Friday Review

Hema arangam: Myriad portrayals

Kiranmayee Madupu

Kiranmayee Madupu  


‘Hema Arangam’ celebrated its first anniversary by hosting a blend of art forms.

Hema Arangam Cultural Society celebrated its first anniversary at CCRT on Republic Day. Students of Hema Arangam, Bharatanatyam dancer Kiranmayee Madupu, costume designer Ghana NB and sand artist Kanth Risa mesmerised the audience with their creativity.

Kiranmayee Madupu, disciple of veteran guru Hemamalini Arni, who has named her cultural organisation in honour of her guru, has come a long way by sheer hard work, dedication and devotion to dance.

The evening’s performance began with her students taking the stage.

As is customary, the evening’s recital began with an invocation to elephant headed god, Lord Ganesha with the popular hymn Vatapi Ganapathi in Raag Hamsadhwani. This was followed by Alarippu in Roopaka talam. The students brought out the special charm of pure dance in this piece. The rhythm has a rare capacity to invoke concentration. Presenting jathiswaram in Saveri and Roopaka talam, the students exhibited their versatility in elaborate footwork and graceful body movements. Coming to the main item, Kiranmayee’s students presented Shabdam Sarasi Jakshulu in Malika where each student of the group assumed roles of either Krishna or Gopika and described various mischievous tales of Lord Krishna.

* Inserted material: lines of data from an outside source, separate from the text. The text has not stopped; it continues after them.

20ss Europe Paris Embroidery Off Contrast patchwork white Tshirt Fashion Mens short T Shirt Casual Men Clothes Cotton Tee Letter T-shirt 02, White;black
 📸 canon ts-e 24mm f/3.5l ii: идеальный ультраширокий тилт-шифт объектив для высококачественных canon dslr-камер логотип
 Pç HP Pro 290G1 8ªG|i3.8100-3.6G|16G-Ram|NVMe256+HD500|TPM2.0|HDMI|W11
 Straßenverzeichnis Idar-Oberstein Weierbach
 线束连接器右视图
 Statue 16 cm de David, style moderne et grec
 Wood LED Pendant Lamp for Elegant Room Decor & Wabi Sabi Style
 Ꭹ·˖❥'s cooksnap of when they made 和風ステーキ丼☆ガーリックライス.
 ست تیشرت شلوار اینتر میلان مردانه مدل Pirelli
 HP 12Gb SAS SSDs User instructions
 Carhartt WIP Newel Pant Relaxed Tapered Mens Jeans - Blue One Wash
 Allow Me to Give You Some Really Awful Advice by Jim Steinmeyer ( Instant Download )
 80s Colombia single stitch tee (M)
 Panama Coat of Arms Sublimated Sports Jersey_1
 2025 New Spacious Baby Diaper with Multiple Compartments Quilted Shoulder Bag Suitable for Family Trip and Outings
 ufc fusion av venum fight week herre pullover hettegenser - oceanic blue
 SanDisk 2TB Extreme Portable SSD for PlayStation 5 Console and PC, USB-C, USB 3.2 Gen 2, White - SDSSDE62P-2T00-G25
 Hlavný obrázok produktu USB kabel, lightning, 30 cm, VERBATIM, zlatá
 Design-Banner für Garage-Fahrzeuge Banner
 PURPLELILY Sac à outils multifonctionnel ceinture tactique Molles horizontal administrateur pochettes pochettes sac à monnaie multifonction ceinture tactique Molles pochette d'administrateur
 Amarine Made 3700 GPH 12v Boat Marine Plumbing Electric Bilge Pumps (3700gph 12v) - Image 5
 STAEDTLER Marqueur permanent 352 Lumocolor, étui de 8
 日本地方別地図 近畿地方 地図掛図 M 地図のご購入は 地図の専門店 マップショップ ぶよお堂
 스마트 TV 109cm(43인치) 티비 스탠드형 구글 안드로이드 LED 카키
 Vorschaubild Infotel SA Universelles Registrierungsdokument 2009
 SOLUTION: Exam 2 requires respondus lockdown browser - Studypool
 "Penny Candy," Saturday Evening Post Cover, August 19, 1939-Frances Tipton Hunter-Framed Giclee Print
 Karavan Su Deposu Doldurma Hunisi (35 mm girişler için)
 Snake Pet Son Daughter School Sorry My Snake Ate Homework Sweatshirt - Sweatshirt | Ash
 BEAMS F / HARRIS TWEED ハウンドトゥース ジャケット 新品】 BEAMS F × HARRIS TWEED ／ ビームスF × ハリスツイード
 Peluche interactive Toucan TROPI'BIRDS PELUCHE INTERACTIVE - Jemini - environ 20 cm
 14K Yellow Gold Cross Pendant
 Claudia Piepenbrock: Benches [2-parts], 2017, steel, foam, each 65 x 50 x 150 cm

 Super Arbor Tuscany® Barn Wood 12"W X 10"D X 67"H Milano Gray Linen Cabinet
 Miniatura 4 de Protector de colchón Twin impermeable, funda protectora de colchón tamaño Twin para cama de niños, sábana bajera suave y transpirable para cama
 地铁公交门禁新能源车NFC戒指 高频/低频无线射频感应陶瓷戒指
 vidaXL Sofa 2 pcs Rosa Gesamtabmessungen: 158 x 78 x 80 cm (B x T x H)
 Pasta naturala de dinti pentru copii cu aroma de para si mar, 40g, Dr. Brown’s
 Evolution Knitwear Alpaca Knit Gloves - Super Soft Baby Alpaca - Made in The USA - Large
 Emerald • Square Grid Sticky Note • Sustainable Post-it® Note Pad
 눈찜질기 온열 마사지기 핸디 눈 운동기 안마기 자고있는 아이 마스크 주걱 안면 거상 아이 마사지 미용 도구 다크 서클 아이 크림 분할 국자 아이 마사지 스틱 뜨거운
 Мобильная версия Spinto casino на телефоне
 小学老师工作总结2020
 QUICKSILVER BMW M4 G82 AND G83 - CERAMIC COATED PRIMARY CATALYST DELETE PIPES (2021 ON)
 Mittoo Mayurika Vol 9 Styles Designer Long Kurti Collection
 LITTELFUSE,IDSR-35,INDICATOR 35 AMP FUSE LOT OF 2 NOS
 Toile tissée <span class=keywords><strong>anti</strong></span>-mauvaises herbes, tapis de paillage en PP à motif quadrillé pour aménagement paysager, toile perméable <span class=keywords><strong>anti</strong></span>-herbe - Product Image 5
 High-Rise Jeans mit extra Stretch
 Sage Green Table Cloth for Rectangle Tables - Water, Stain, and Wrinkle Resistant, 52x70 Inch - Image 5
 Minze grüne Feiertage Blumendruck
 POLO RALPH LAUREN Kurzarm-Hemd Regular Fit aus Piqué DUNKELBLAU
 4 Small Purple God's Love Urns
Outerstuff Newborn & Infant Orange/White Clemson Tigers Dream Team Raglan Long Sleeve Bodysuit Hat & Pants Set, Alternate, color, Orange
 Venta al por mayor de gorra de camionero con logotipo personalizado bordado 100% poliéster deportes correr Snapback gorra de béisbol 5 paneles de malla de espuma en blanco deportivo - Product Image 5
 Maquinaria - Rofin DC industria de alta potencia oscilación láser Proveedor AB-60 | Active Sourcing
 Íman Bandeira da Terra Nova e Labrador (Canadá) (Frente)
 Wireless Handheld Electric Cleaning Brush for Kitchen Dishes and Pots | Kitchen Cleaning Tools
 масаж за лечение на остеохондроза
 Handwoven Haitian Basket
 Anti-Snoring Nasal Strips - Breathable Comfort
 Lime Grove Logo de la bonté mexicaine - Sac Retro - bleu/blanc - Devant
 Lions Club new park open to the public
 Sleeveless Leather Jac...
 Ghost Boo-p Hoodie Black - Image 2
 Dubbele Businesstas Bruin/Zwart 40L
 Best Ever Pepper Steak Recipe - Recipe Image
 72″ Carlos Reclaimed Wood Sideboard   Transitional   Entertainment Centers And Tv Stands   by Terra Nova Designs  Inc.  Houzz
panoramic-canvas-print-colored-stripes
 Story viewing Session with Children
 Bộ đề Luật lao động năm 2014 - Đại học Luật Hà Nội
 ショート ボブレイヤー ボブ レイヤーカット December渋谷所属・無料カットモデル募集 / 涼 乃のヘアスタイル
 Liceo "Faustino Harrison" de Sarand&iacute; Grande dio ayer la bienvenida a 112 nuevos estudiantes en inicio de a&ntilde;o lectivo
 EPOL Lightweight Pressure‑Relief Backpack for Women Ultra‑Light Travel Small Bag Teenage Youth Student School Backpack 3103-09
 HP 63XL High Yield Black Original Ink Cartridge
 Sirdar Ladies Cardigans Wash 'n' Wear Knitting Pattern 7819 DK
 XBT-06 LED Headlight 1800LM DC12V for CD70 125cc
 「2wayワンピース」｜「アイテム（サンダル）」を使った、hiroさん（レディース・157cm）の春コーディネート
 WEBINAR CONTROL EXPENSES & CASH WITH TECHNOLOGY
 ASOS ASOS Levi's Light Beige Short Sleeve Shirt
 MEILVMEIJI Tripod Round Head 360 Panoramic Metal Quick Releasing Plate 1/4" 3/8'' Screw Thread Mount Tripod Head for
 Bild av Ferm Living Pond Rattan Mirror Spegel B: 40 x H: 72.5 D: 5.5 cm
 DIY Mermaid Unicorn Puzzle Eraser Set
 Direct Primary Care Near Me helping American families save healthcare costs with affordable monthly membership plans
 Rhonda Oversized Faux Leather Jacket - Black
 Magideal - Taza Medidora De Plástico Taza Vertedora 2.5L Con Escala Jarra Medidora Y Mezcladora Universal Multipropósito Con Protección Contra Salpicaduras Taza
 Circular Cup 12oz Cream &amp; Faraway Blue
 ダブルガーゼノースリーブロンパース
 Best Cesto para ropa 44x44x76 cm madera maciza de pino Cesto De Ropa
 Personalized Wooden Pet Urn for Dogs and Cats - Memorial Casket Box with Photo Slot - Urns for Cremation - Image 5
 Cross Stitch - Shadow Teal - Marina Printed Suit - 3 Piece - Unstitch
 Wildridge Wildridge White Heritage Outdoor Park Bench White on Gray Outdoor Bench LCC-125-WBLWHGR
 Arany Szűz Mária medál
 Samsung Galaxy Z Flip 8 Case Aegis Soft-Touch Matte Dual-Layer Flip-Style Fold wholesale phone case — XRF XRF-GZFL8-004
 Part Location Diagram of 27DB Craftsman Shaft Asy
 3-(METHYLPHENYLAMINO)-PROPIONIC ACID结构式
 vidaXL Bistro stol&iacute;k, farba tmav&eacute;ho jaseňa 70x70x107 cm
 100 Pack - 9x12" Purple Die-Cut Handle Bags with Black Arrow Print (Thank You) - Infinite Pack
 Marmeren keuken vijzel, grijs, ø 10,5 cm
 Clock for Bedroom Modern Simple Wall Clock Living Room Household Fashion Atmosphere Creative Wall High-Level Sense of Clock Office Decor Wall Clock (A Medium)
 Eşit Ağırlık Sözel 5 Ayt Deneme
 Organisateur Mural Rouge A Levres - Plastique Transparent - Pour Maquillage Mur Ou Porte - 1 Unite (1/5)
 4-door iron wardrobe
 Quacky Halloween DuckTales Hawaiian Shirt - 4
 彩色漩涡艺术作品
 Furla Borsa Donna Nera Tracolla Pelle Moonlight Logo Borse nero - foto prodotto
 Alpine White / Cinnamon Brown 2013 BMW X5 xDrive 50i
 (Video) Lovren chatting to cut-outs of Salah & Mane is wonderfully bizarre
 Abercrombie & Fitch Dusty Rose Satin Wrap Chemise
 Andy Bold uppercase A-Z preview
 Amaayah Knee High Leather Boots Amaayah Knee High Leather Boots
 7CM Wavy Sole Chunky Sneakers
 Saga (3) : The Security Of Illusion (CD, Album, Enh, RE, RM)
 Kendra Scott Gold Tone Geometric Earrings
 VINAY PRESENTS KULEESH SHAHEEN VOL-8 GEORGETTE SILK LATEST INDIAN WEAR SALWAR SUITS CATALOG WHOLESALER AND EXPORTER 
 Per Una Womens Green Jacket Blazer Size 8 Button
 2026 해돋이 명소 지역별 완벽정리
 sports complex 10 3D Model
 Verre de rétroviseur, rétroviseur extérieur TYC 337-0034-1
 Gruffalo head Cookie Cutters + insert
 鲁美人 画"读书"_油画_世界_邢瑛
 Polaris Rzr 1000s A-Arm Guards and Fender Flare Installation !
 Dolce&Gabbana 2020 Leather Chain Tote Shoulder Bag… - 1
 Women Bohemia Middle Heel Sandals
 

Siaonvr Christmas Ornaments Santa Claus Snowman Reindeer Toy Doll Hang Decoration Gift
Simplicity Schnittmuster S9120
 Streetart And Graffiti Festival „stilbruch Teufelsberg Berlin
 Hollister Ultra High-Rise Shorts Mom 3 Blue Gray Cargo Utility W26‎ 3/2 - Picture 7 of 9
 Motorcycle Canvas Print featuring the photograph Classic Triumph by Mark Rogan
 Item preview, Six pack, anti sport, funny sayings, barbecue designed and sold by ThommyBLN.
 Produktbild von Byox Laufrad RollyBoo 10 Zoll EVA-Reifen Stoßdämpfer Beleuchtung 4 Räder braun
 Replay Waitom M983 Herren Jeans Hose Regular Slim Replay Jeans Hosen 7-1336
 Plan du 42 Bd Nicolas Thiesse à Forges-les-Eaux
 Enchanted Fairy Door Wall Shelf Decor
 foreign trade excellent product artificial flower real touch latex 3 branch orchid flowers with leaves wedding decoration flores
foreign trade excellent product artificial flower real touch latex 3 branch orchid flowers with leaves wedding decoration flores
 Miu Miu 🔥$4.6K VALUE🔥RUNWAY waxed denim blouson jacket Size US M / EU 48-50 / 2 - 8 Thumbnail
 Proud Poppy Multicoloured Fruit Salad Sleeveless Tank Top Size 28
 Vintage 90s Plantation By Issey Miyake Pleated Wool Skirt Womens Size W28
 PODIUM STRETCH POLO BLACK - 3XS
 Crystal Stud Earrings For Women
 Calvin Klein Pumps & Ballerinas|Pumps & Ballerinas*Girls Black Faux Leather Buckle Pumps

Keeping the patriotic flavour in mind, Kiranmayee Madupu presented Vande Mataram in Bharatanatyam style keeping the audience spellbound. Her expressive face was able to reflect the salutations to Mother India. Kiranmayee and her students were ably supported by Srinivas Karra on the nattuvangam, Sangeetha Kala on vocals, Sridharachary on mridangam and Sai Kolanka on violin.

Earlier, the evening’s performance began with the display of Chennai-based Ghana NB’s latest collection Atlas - A travel, life and art show.

Ghana, who has also worked as costume designer in Telugu film Yevade Subramanian, presented about 100 pieces of her art collection at the venue. The uniqueness was not just in the art but the way it was presented. Accompanied by installation artist Ramesh, she used the trees and branches at the venue to hang the artwork in an aesthetic manner.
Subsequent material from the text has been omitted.